Ethan Tieu: Trailblazing in Research and Medicine

GOLDWATER SCHOLAR, UNIVERSITY OF MIAMI

At his core, University of Miami junior Ethan Tieu is still the same child who delighted over the tangible possibilities of building blocks. LEGOs are still one of his hobbies. A decade later Tieu is still interested in building blocks, only now he’s looking at the building blocks of life in research labs. A dual major in neuroscience and computer science, he has already co-authored a research paper and been named a Goldwater Scholar, one of the most prestigious scholarships in research.

Tieu also had the opportunity to shadow on the clinical side of a lab that studies Charcot-Marie-Tooth Disorder (CMT), a currently incurable neuromuscular disease about which he wrote his first published research paper. The patients Tieu interacted with at the lab moved him, prompting his decision to pursue a career in medicine, though he also hopes to get a PhD.

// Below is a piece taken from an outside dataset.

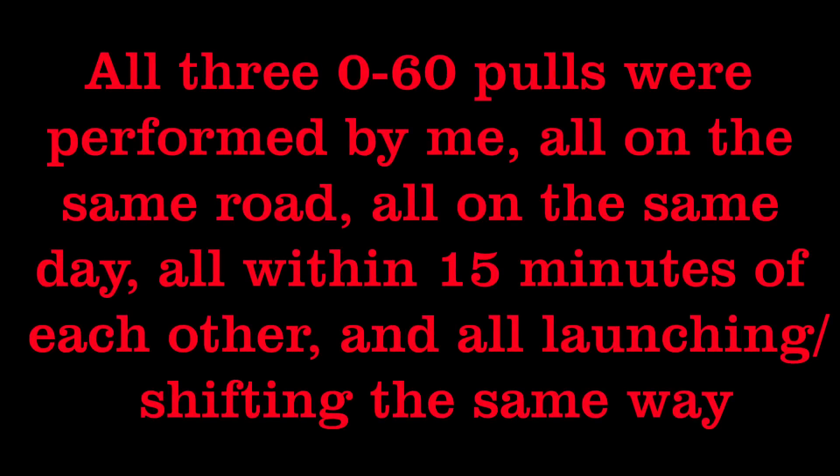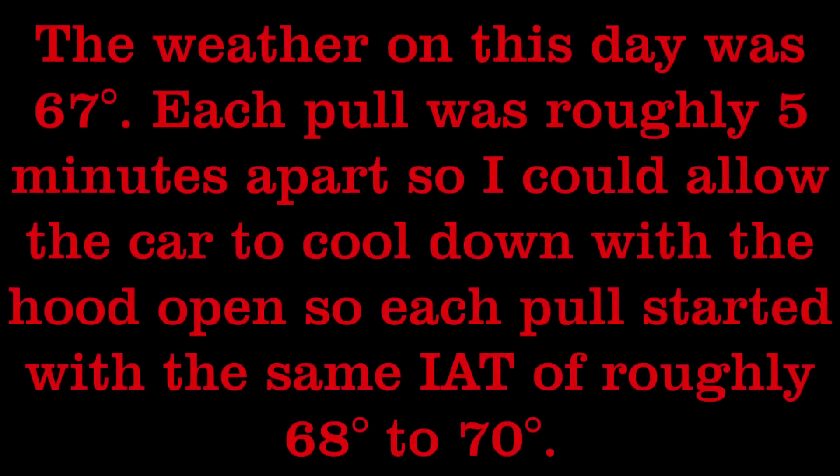This was basically just a really fun idea that I came up with driving around one day. I want to start by stating all of these information slides that are going to be popping up over the next minute — I suggest you pause on them and read them in full, as they get into details about what the weather was like that day, if I did all this on the same road surface, and why I launched the way that I did, why I shifted when I did — all of that stuff.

“It’s the same lego feeling where you take a pile of nothing and you build something that people appreciate…”

LATEST ACCOMPLISHMENT

The interplay between the MD and PhD realms of Tieu’s life culminated in his most recent project. As part of a pilot study, the young scholar created a computer program that can reliably predict whether a patient with any medical issue will need to visit the hospital within the next week. The process began with a strong data set collected from a company specializing in pulmonary care. Tieu then programmed the computer to make predictions based on the data, a process known as machine learning. Throughout the program’s creation, he also received insight from researchers and medical doctors.

WHAT HE SAYS

“Research is like going behind the curtains. What can you do to make things better? And then medicine is the application of that,” Tieu says. “Without medicine, a lot of biological research won’t go anywhere…. So, if you want to touch people, if you want to influence health and human beings and lives, you need medicine to follow research. On the other hand, if you have medicine in isolation, without research, there’s only so many therapies you can apply. “It’s the same LEGO feeling, where you take a pile of nothing and you build something that people appreciate. In walking this path – going from someone who only wanted to do research projects I was given, to wanting to do research that affects people through an MD or PhD, and now through wanting to build things that address really interesting, creative questions – I felt my life come full circle.”